"¿Nos han educado para creer en lo que dijo y vivió Jesús?" José María Castillo: "El Evangelio no es lo que dicen los curas"
"No es suficiente 'creer en Jesucristo'"
"No basta con estar bautizado y con ir a misa los domingos y fiestas de guardar"
¿Qué me importa el Evangelio? Esta pregunta – que produce la impresión de una falta de respeto – tendría que ser central en nuestra vida. Porque equivale a preguntarse si el Evangelio de Jesús me “conviene” o no me conviene; si me “interesa” o no me interesa; si “le hago caso” o me importa un bledo; si tiene o no tiene “consecuencias” en mi forma de vivir o en mi proyecto de vida.
¿Me he planteado alguna vez estas preguntas? ¿Me preocupa lo que representan en mi vida, en lo que me interesa y en lo que no pinta nada para mi forma de vivir, de relacionarme con los demás, en lo que me hace feliz y en lo que me alienta o desalienta? Quienes me conocen de cerca y se relacionan conmigo, ¿comentan entre ellos que mi comportamiento produce la impresión de que en mí palpan (o perciben) la puesta en práctica del Sermón del Monte (Mt 5-7)? Pero, sobre todo, quienes se relacionan conmigo, quienes saben de veras cómo es mi vida, ¿comentan (quizá alguna vez) que mi comportamiento (no mi religiosidad o mi “beaterío”) no tiene más explicación que “aquello por lo que se me conoce” (Jn 13, 34-35), es porque quiero tanto a los demás, a todo el mundo, que esto no tiene más explicación que el hecho de que “soy discípulo de Jesús”?
Seguramente, habrá personas que, al leer estas preguntas, quizá piensen que a qué viene todo esto. ¿Es que no basta con “ser cristiano”? ¿No es suficiente “creer en Jesucristo”? ¿No basta con estar bautizado, con ir a misa los domingos y fiestas de guardar? ¿Es que no tiene ya su mérito “creer en Dios y cumplir sus mandamientos”?
Esto último es lo que dicen los curas y los libros de religión. Pero no es lo que dice el Evangelio. Baste pensar (o caer en la cuenta) de que, si recordamos lo que ocurrió en la última cena, antes de la Pasión, Jesús, al despedirse de sus “amigos” (Jn 15, 14), les mandó tres cosas: 1ª) Que tenían que ir por la vida “lavando los pies” a los demás (Jn 13, 12-15). Es decir, tenían que relacionarse con los otros, como “esclavos y criados” (J. Zumstein), nunca como señores y maestros. 2ª) Que tenían que “recordar la muerte del Señor” cenando juntos sin diferencias ni desigualdades, compartiendo el mismo pan y bebiendo en la misma copa (1 Cor 11, 17-27). 3ª) Que tenían que quererse tanto, como el mismo Jesús los había querido a ellos, hasta tal punto que “en esto los tenía que reconocer todo el mundo como discípulos de Jesús” (Jn 13, 34-35).

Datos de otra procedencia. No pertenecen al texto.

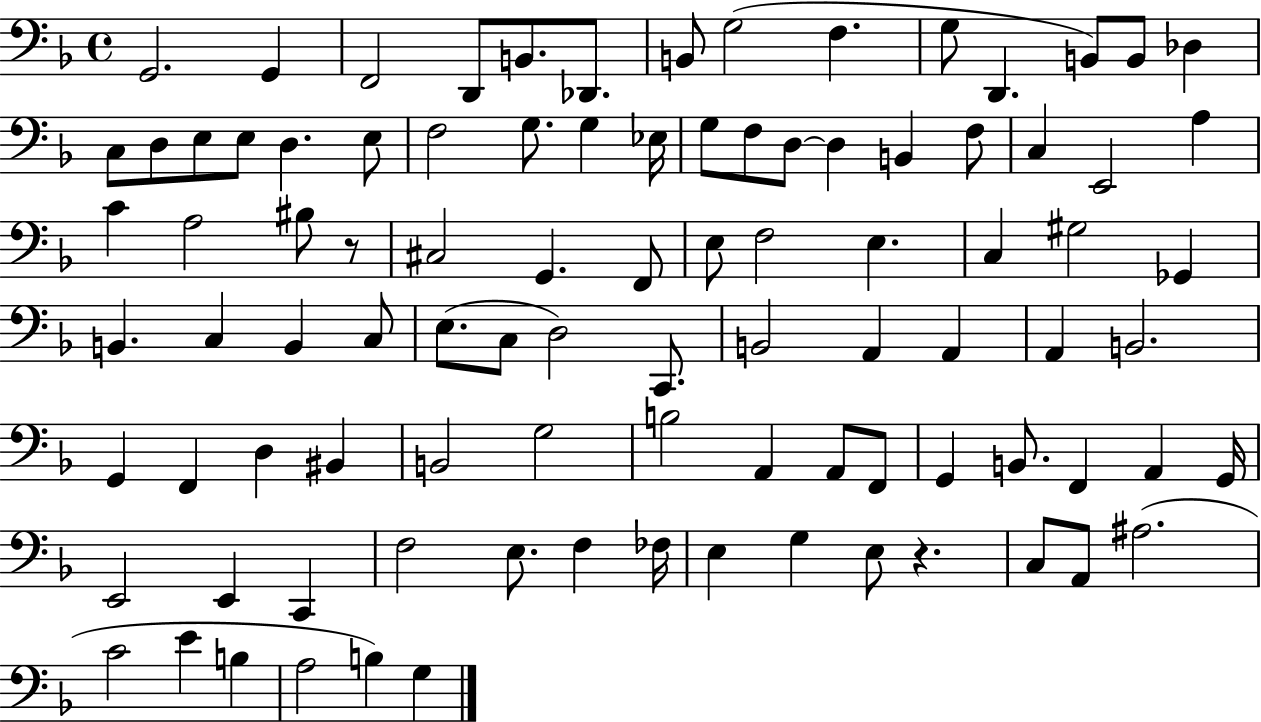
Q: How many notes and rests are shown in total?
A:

Sin duda, habrá quien diga que todo esto está muy bien para leerlo en las iglesias y recordarlo en las ceremonias de la parroquia o del convento. Pero, ¿esto para ponerlo en práctica? ¿Y para hacerlo todos los días y, si es preciso, a todas horas? ¿Estamos locos?
¿No ocurrirá, más bien, que el Evangelio nos importa un bledo? Ya está bien con hacer lo que manda el catecismo, el cura de la parroquia o el prior del convento. Pero ¿tomar en serio el Evangelio y vivirlo todos los días y con todo el mundo? Perdonar siempre al que te odia y te daña lo que puede, no ver nunca la paja en el ojo ajeno, poner la otra mejilla al que te da una bofetada, perdonar siempre, ayudar siempre, anteponer el bien de los demás al propio bien… Pero, ¿es que estamos locos? No. Yo, más bien, me pregunto: ¿de qué nos sirve el Evangelio? ¿Nos han educado para creer en lo que dijo y vivió Jesús? Entonces, si es que vemos que todo eso es imposible o es un cuento de curas, frailes y monjas, ¿por qué no nos apuntamos a otra religión?
¿Qué tendrá el Evangelio, que nos cuesta tanto tomarlo en serio?